Universal life (also referred to as UL) is a type of permanent death benefit that allows for premium flexibility over time. Initially there is a minimum premium required but as the policy develops cash value an owner can choose to pay less than the minimum. Paying only the minimum premium or less will often result in the policy needing additional premium down the road or risk lapse (ending for non-payment of premiums) prior than anticipated or desired. Many policy owners choose to pay more than the minimum premium to build cash value (equity) in the policy. Once enough equity has been developed, the internal interest generated can pay the policy costs thus reducing or eliminating out of pocket premium payments.
Universal life offers two common methods of tax-deferred interest crediting – fixed or indexed. Fixed interest is a stated rate that can fluctuate subject to a guaranteed minimum. Indexed interest is a stated rate calculated by a formula that pays more in years where a stock market index goes up, and zero in years where an index goes down. Index interest crediting policies do not participate in the stock market and never decrease the cash value when an index goes down. Due to their ability to avoid negative crediting in years when an index goes down, it is feasible for index crediting policies to generate an average interest rate that is higher than a traditional fixed interest rate UL over time, although that result is not guaranteed. Both types of Universal life interest rates will fluctuate and it is prudent to consider conservative interest assumptions when looking at future projections.
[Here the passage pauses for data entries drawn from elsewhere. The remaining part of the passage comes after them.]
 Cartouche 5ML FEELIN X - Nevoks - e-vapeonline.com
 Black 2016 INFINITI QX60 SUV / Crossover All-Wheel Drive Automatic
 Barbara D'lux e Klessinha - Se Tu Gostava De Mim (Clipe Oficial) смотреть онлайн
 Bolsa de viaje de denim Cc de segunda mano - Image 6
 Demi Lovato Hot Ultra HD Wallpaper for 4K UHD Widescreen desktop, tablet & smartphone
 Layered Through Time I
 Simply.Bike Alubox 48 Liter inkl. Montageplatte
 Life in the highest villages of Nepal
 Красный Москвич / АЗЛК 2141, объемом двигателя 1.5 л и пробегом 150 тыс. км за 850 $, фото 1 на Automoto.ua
Universal life allows for cash withdrawals and loans, both of which can be used for emergencies or potentially as a source of future tax-free income. Loans from index policies can continue to earn the potentially larger index interest crediting which is something most other types of permanent life insurance policies cannot offer. Some UL’s have more favorable loan terms than others, where the loan interest is fully credited to the policy cash value allowing the owner to pay themselves interest instead of paying it to a lender. This makes the policy value beneficial and can allow an owner to act as their own lending institution for personal or business needs.